■ Information shown:
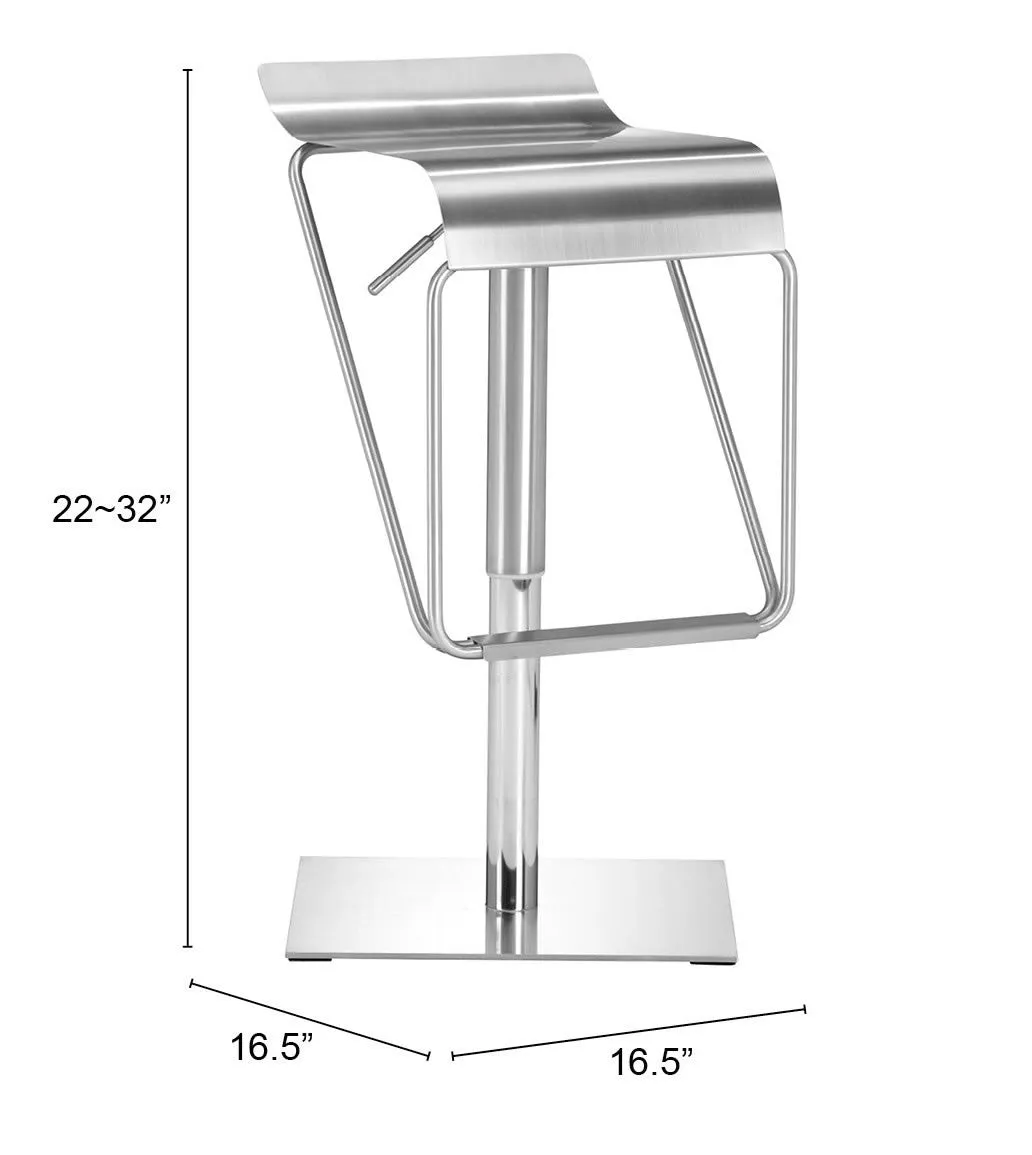 22" Silver Swivel Backless Bar Height Chair With Footrest By Homeroots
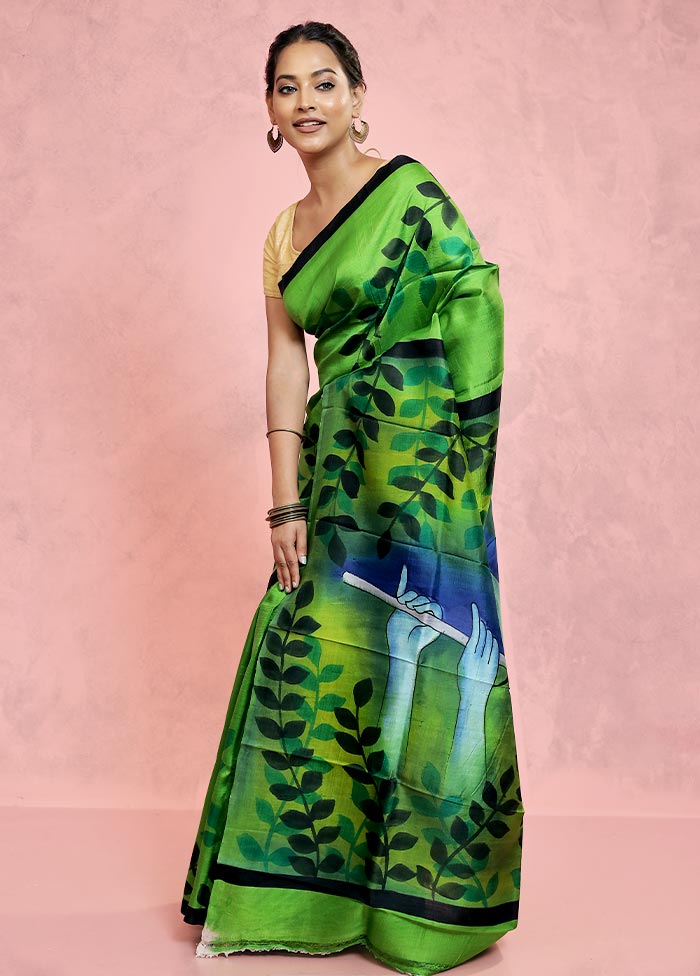 Green Printed Pure Silk Saree With Blouse Piece - Indian Silk House Agencies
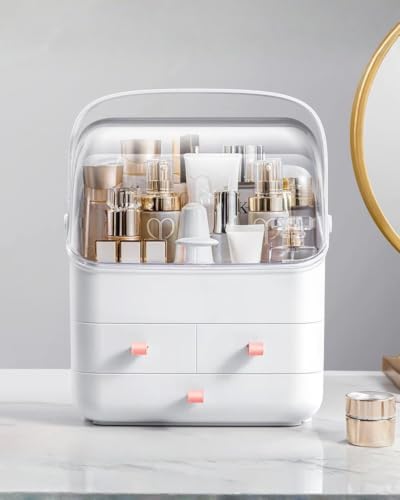 Image of LINFIDITE Cosmetic Storage Box with Lid Makeup Organizer Box with Dust Free Cover Portable Handle,Large Makeup Display Case with Drawers Fully Open Lid,Great for Dresser Bathroom Countertop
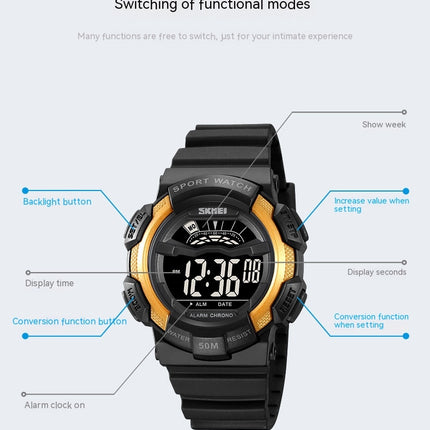 Kids Watches Digital Outdoor Sport Waterproof Electrical LED-Lights Watches with Luminous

■ Problem description:
Please retype the data exactly. The pictures do not go in.

■ Answer to this exercise:
 22" Silver Swivel Backless Bar Height Chair With Footrest By Homeroots
 Green Printed Pure Silk Saree With Blouse Piece - Indian Silk House Agencies
 Image of LINFIDITE Cosmetic Storage Box with Lid Makeup Organizer Box with Dust Free Cover Portable Handle,Large Makeup Display Case with Drawers Fully Open Lid,Great for Dresser Bathroom Countertop
 Kids Watches Digital Outdoor Sport Waterproof Electrical LED-Lights Watches with Luminous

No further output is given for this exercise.